For the next month work went on at a frantic pace. Timber along the bay was cut and then floated to the headland, along with shiploads of rock and sod. Longhouses were constructed, along with barns, workshops, ship houses, and even a small smithy, for bog iron was discovered inland after a thorough examination of the island. Last, but not least, a Horgr was constructed as a place to worship their Gods who had brought them to this land.

After a bit of deliberation – but not much – a palisade was built around their tiny town situated on the headland at the mouth of the bay. While never formally named, the town eventually became known as Olafstad.

With their winter settlement established, men and women alike began preparations to spend their first winter in this new land. Hay was cut, dried, stored away. Meat and fish, and whales alike captured, cleaned, smoked, and stored away. Berries gathered and dried. Milk processed and packed away. Olaf sent out the two smallest ships with small crews to explore the new land and report back what they found.

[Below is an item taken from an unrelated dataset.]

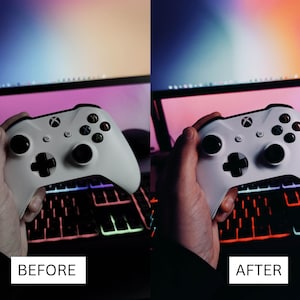 50 Streamer Gaming LUTs | Neon Purple RGB Color Grading for Twitch & YouTube | Premiere Pro, CapCut LUT Pack image 20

Each time the ships returned, they brought back greater and greater tales of the lands wealth, along with shiploads of supplies gathered from their short voyages. They also encounter Skreaglings. To the south of them was a long, narrow island (OTL Prince Edward Island) and here they traded red, green, and brown cloth for furs, dried fruits, nuts, and meats, and beautifully crafted baskets.

On what they assumed was the mainland to the north, their first encounters with the locals ended in bloodshed. Two men were killed and another wounded before they could flee. They returned two weeks later, burning the village and slaughtering the men. Ten women and twice that number of young children were taken as thralls. What could not be carried off, or was not worth taking away, was burned. Curiously, four small grape-sized nuggets of gold were found in the ruins of the village*.

And so summer slowly crept into autumn, and then into winter.

As the long, dark nights crept on, talk arose of expeditions in the spring. Two ships with a load of fine hardwood, furs, and raisins would be sent north in an attempt to find Erick’s settlement in Greenland, or else try to find Iceland. Barring both of those possibilities, they would attempt to find friendly Skraeglings to trade with. A third ship would be sent to the mouth of a large river that had been discovered in the west. For a few, it reminded them of one of the great rivers in the land of the Rus. Maybe it was, some suggested?

All of those thoughts and ideas and missions would have to wait for the spring thaw. For now, winter was their life and it was far from over in this new land…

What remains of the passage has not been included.